IV. Opponent 1 and opponent 2 (respondent I and respondent II, respectively) replied to the appeal and filed further submissions and documents. Respondent I filed, inter alia, document D35 and arguments based on it relating to novelty.

V. The board summoned the parties to oral proceedings in line with the parties' requests.

VI. With a letter dated 7 November 2019, the appellant filed auxiliary claim requests 2 to 4, conditional on the board admitting into the appeal proceedings document D35 and the related arguments submitted by respondent I on novelty.

Claim 1 of auxiliary request 4 read as claim 1 of auxiliary request 1 (see section II.) apart from the lower limit of the range of aspartate equivalents in wt%, which read 12.5 instead of 12.0.

VII. In a communication pursuant to Article 15(1) RPBA, the board informed the parties of its preliminary opinion on various matters concerning the appeal.

VIII. In reply, further submissions were filed by the appellant and the respondents.

IX. At the oral proceedings, the appellant withdrew the main request and auxiliary requests 2 and 3. Auxiliary requests 1 and 4 became the main request and auxiliary request 1, respectively. Respondent I withdrew the request to admit, inter alia, document D35 and the submissions based on it on novelty. At the end of the oral proceedings, the Chair announced the board's decision.

X. The following documents are referred to in this decision:

D4: Experimental report filed by the patent proprietor, pp. 3/7-7/7

D5: Hageman et al., The Journal of Nutrition 138, 2008, pp. 1634-1640

D9: Souci et al., "Food composition and nutrition tables 1989/90", ed. Scherz and Senser, Wissenschaftliche Verlagsgesellschaft mbH Stuttgart, 1989, pp. 50-51

D12: Crespillo et al., Clinical Nutrition 22(5), 2003, pp. 483-487

D21: US 6,743,770 B2

D31: Salway, "Metabolism at a glance", 3rd edn., 2004, pp. 17 and 111

XI. The appellant's arguments relevant to this decision may be summarised as follows.

Main request - claim 1

Inventive step (Article 56 EPC)

The closest prior art was represented by the disclosure in document D12 of composition DD comprising soy protein. This protein source comprised 11.8 wt% aspartate equivalents (see Table 2).

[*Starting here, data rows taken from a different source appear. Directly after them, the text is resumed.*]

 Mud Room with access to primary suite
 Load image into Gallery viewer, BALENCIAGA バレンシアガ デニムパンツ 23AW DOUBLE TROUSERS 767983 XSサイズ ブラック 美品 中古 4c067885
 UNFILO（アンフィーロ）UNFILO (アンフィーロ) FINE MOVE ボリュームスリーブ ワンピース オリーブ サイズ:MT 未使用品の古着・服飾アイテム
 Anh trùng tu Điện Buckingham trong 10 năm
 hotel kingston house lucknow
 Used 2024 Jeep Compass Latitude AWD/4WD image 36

The claimed composition differed by the percentage of aspartate in the protein fraction and the presence of protein of animal origin in addition to protein of plant origin.

The technical effect related to 12.0 wt% or more aspartate in the protein fraction was a decrease in postprandial blood glucose (PPG) levels and an increase in postprandial blood insulin (PPI) levels as was shown in documents D4 and D5.

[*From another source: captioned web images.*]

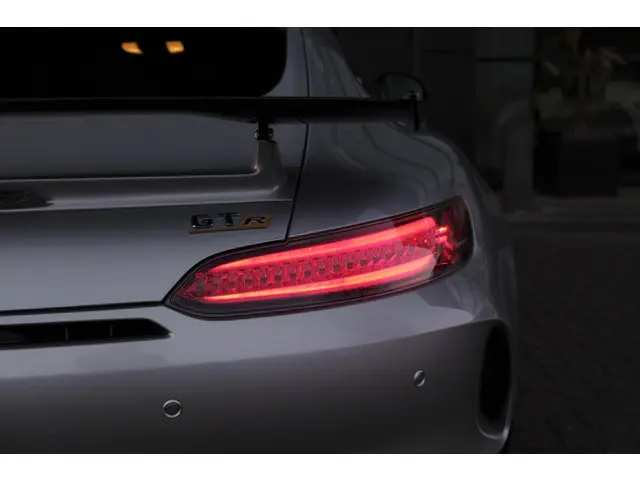 Mercedes-Benz AMG GT R 4.0 V8 585pk GTR 2018 Benzine 28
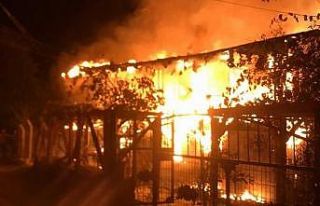 Bolu’da yanan 2 katlı ev kül oldu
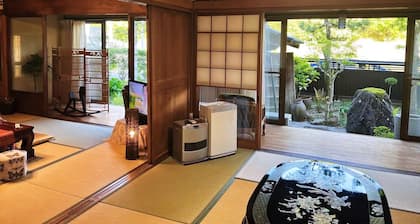107 year old house, 100 year old townhouse. Convenience store, pharmacy, supermarket within 2 minutes walk. Groups of 20 people can stay. Natural hot spring within 5 minutes drive, seafood market, tourist attractions Inuyama Castle and Meiji Village nearb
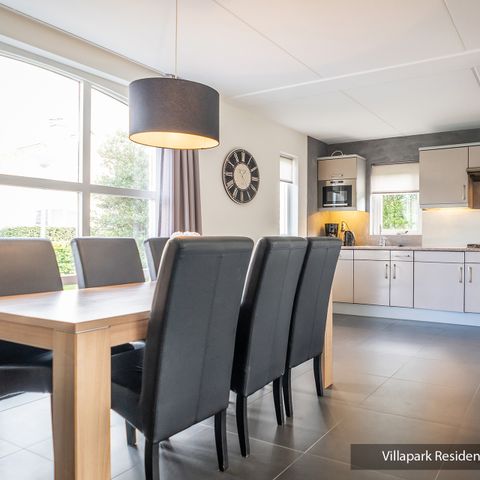 Bungalow 6 personen - E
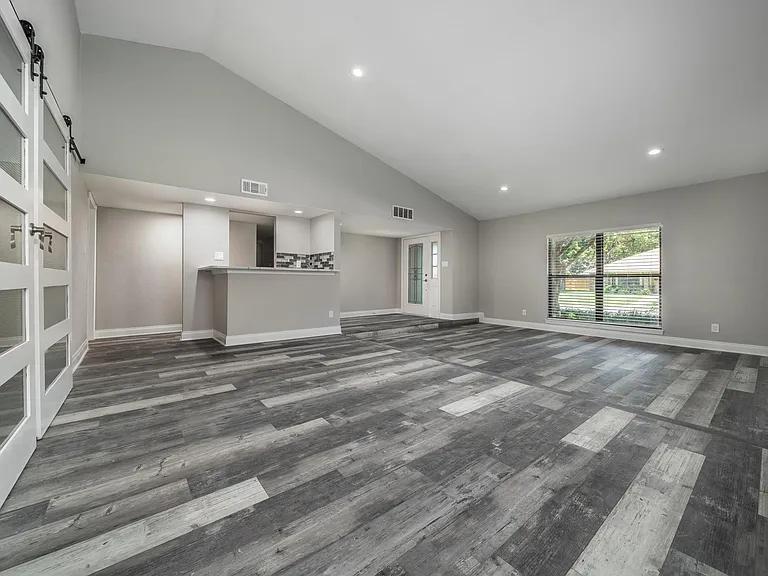 3505 Creststone Dr — Photo 11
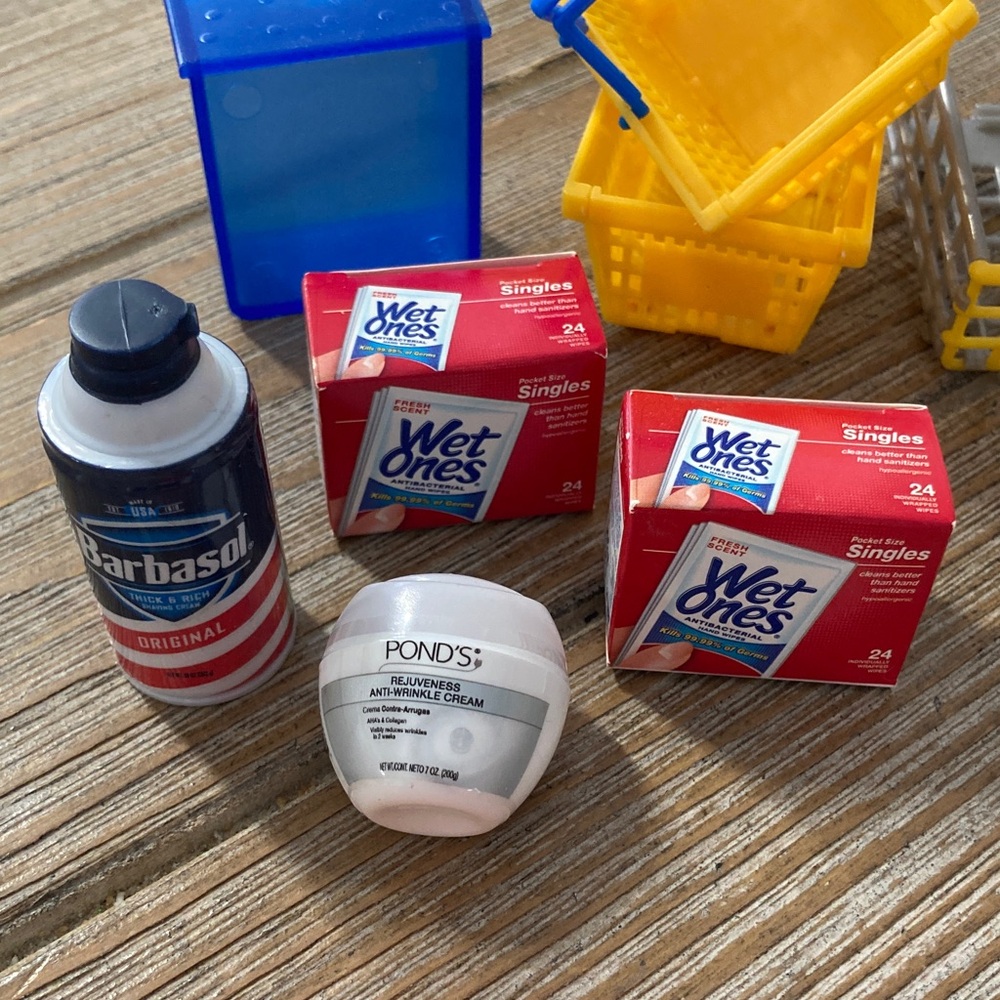 Mini brands bundle - Picture 2 of 15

Document D4 showed a clear trend of improved PPG levels with increasing aspartate levels in the protein fraction which could already be observed at 12.5 wt% aspartate equivalents, in particular in terms of the time for return to baseline levels (composition DSB). The effect on PPG levels was greatest with composition CAS+, i.e. the composition with the highest percentage of aspartate equivalents tested. Thus, the technical effect was correlated to the aspartate equivalents.

Also document D5 showed that improved PPG levels correlated with aspartate (see Figure 2 and Table 1). Although the difference in plasma glucose measured for the composition comprising soy alone (MaltoSI) compared to that comprising a mixture of soy with alpha-lactalbumin (MaltoSIalpha) was statistically significant (see Table 2), a technical effect did not need to be shown with statistical significance.

As regards the absolute amount of the aspartate equivalents in the composition as a whole, no evidence had been put forward that the technical effect was not present with a lower amount of protein. The experimental results showed an effect related to aspartate levels. Accordingly, the technical effect applied to the whole range claimed.

The objective technical problem was the provision of an improved composition for reducing PPG levels and increasing PPI levels.

Even if the problem was formulated as the provision of an alternative composition for reducing/lowering PPG levels, the claimed solution was not obvious because the state of the art did not provide a pointer to solving this problem by increasing aspartate levels.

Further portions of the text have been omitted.